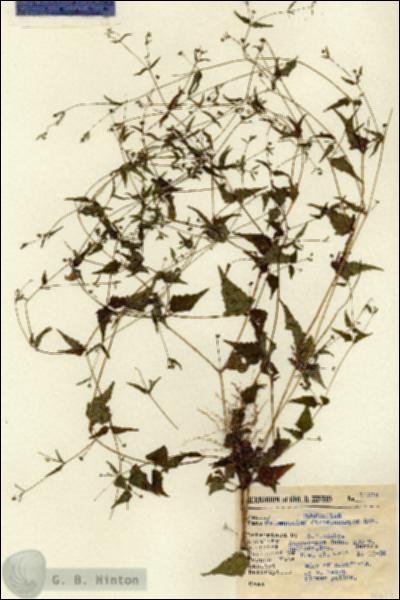 URN_catalog_HBHinton_herbarium_14614.jpg.jpg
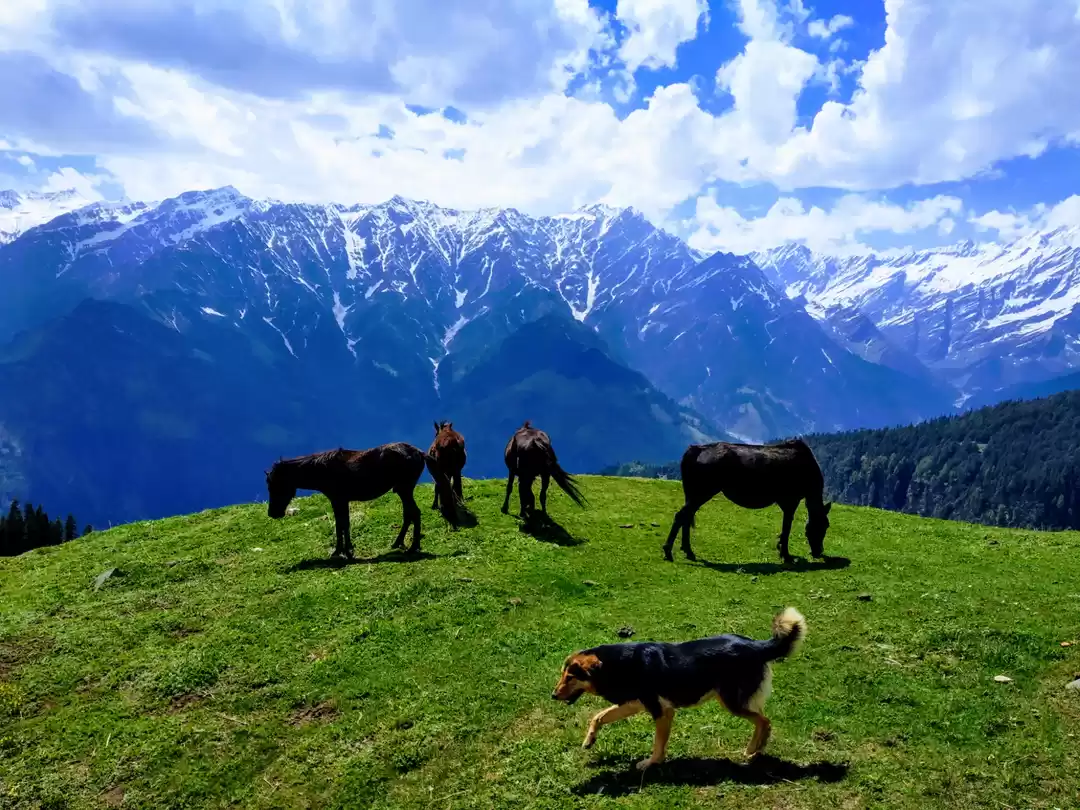 Photo of Four horses and 'Jhu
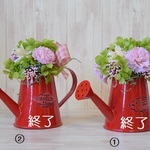 母の日サービス品（ブリキのジョーロ・赤）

★ ★ ★

● How to complete this task:
Take the lines from the one that contains "Photo of Four horses and 'Jhu" down to the last line of the listing above, both included, and set them down exactly, leaving out pictures.

● Exercise solution:
 Photo of Four horses and 'Jhu
 母の日サービス品（ブリキのジョーロ・赤）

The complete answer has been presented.